Level 2 Cache - this type of cache is available in all versions of the Pentium 4 Processor. It is normally smaller than the Level 3 cache (if present) and is used for caching both data and code that is being used by the processor.
Level 1 Cache - this type of cache is used only for caching data. It is smaller than the Level 2 Cache and generally is used for the most frequently accessed information for the processor.
Trace Cache - this type of cache is used only for caching decoded instructions. Specifically, the processor has already broken down the normal processor instructions into micro operations and it is these "micro ops" that are cached by the P4 in the Trace Cache.
Translation Lookaside Buffer (TLB) - this type of cache is used for storing virtual-to-physical memory translation information. It is an associative cache and consists of an instruction TLB and data TLB.
Store Buffer - this type of cache is used for taking arbitrary write operations and caching them so they may be written back to memory without blocking the current processor operations. This decreases contention between the processor and other parts of the system that are accessing main memory. There are 24 entries in the Pentium 4.

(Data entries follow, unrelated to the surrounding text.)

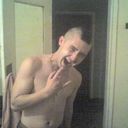 ���������� �������, ���� ������� �����, 35 ���, ������������ ��� ������, ���������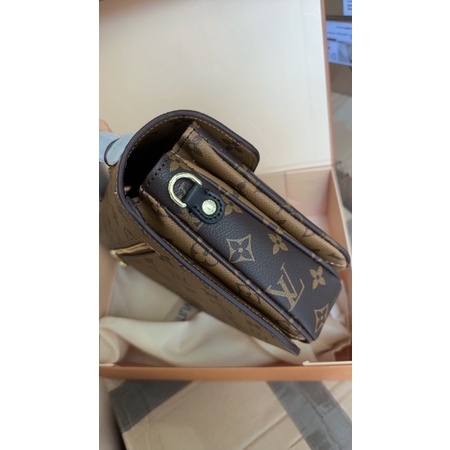 Túi lv cặp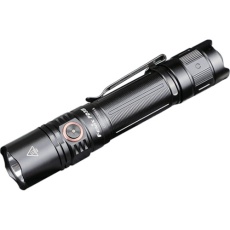【PD35V30】FENIX 充電式LEDライト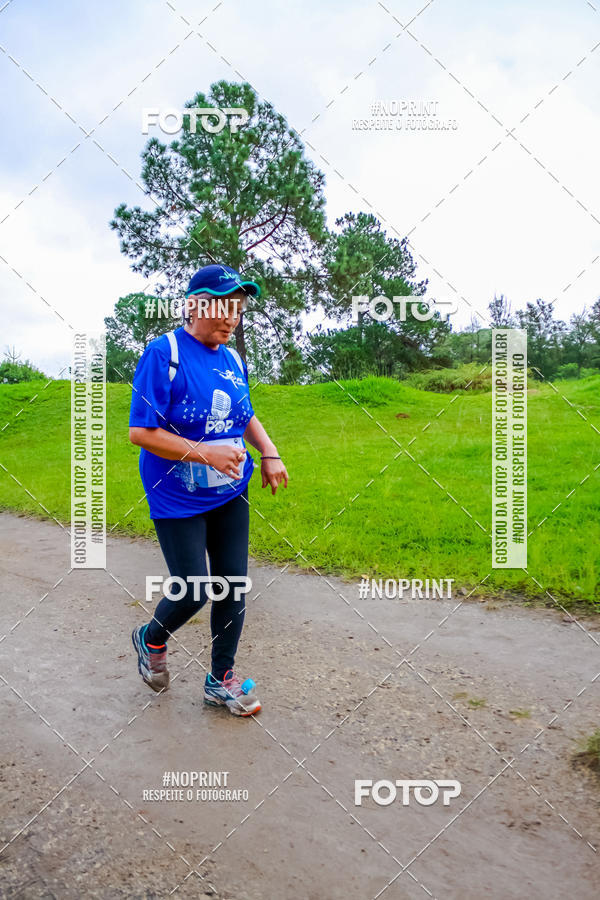 Buy your photos of the eventA Chance do Kaic- Etapa Pop  on Fotop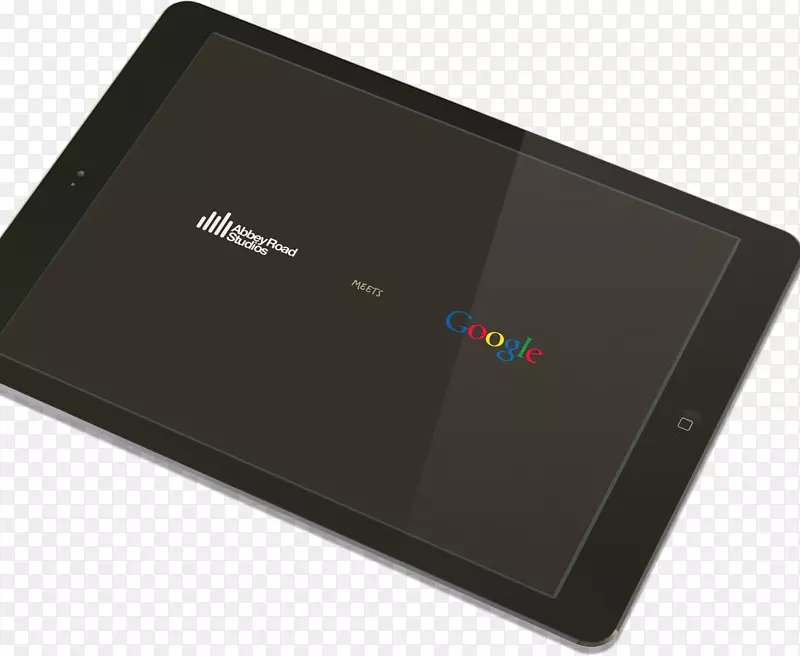 ����ϥ���͵���-������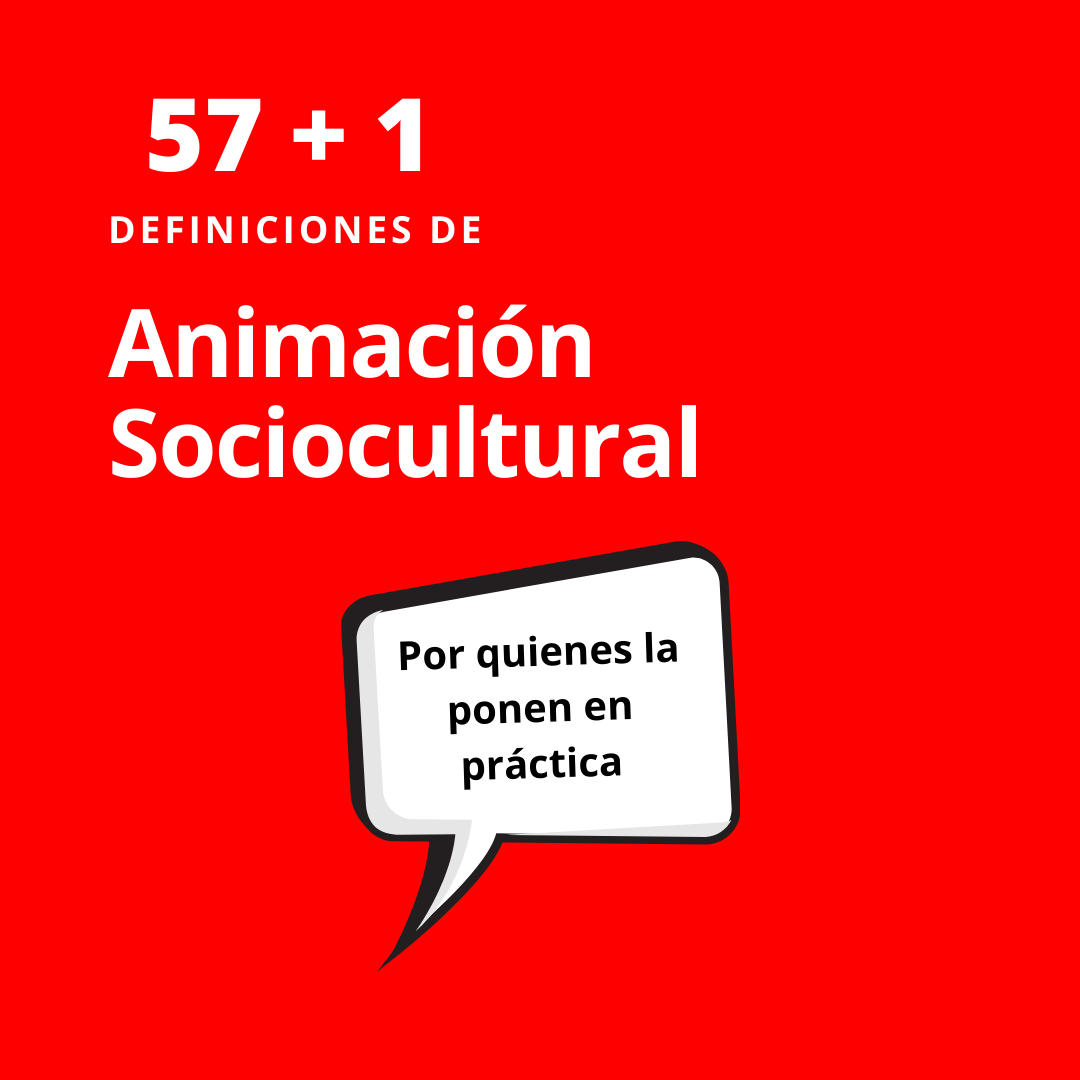 Copia de Definiciones de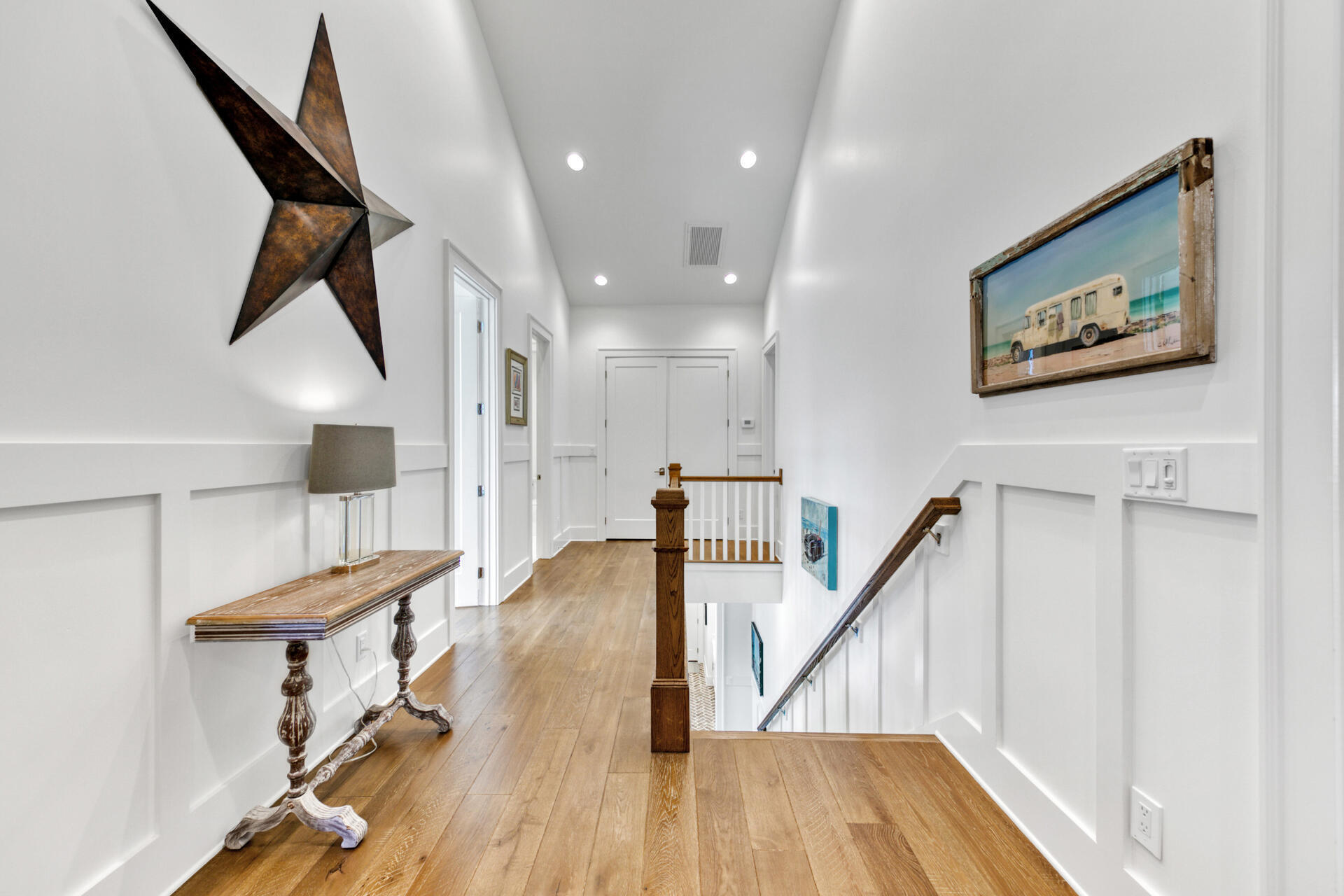 Regatta Bay - Residential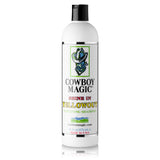 Cowboy Magic Yellowout Out Shampoo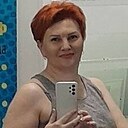 Знакомства: Юлия, 47 лет, Самара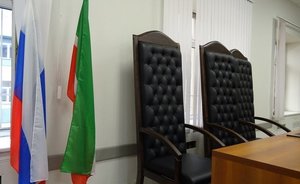 В Челнах сотрудника МЧС осудили за штраф татарстанцам, которые ничего не нарушили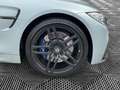 BMW M4 Coupé Head-Up HiFi LED WLAN Navi Prof. Shz Grey - thumbnail 9
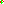 Destellos dst-2956127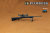 【COO】X80027 X80028 1/6 レミントンM700PSS 1/6スケール 狙撃銃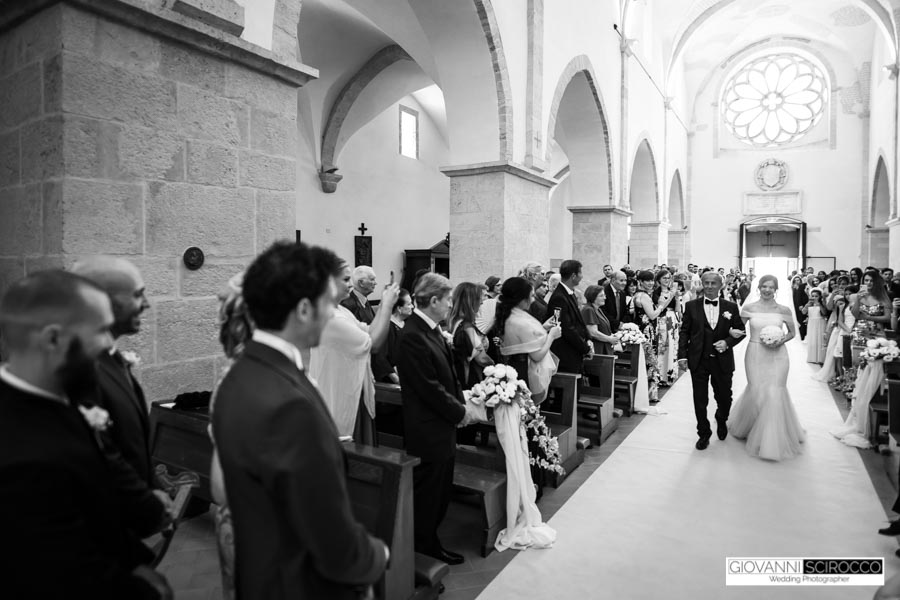 abbazia di Valvisciolo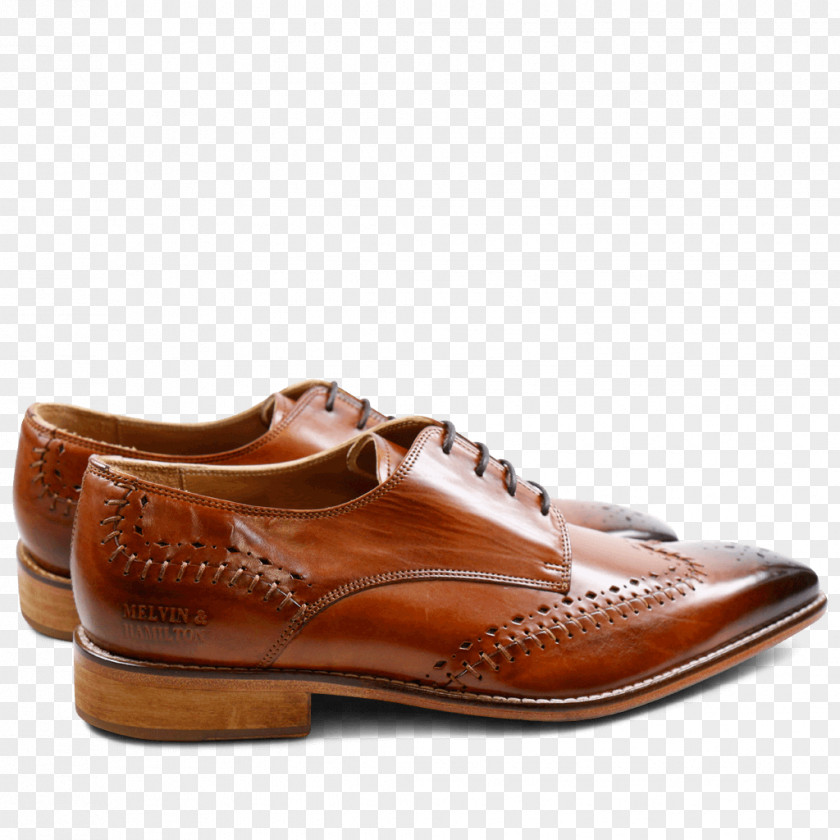 Leather Shoe Walking PNG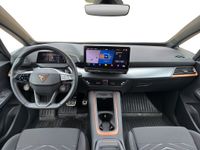 Cupra Born - Vorschau Bild 21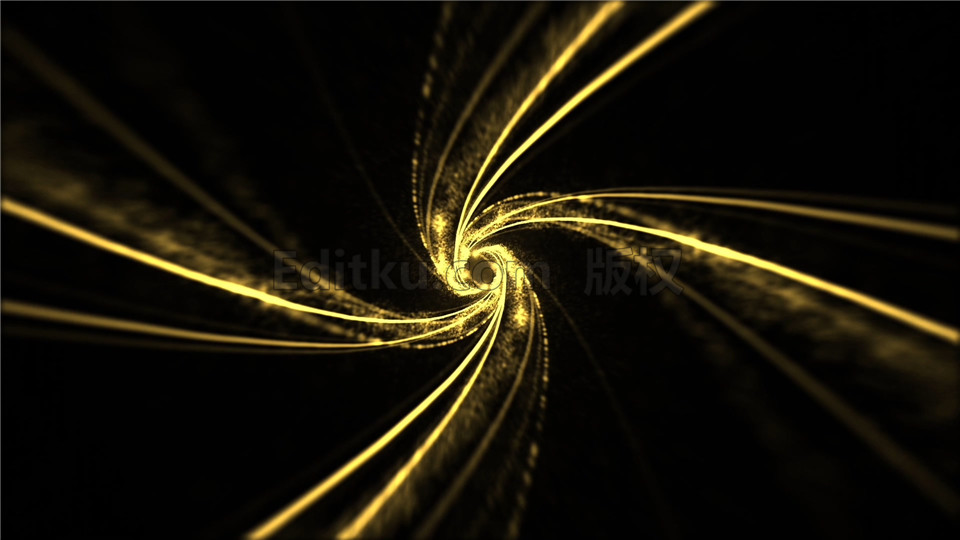 ɫӹ߻תתز
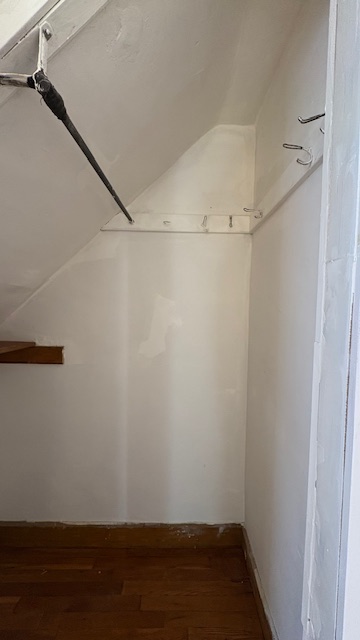 Apartment Picture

Write Combining Buffer - this is similar to the Store Buffer, except that it is specifically optimized for burst write operations to a memory region. Thus, multiple write operations can be combined into a single write back operation. There are 6 entries in the Pentium 4.
The disadvantage of caching is handling the situation when the original copy is modified, thus making the cached information incorrect (or "stale"). A significant amount of the work done within the processor is ensuring the consistency of the cache, both for physical memory as well as for the TLBs.
In the Pentium 4, physical memory caching remains coherent because the processor uses the MESI protocol. MESI defines the state of each unique cached piece of memory, called a cache line. In the Pentium 4, a cache line is 64 bytes. Thus, with the MESI protocol, each cache line is in one of four states:
Modified - the cache line is owned by this processor and there are modifications to that cache line stored within the processor cache. No other part of the system may access the main memory for that cache line as this will obtain stale information.
Exclusive - the cache line is owned by this processor. No other part of the system may access the main memory for that cache line.
Shared - the cache line is owned by this processor. Other parts of the system may acquire shared access to the cache line and may read that particular cache line. None of the shared owners may modify the cache line, which ensures that all cached copies of the data remain valid.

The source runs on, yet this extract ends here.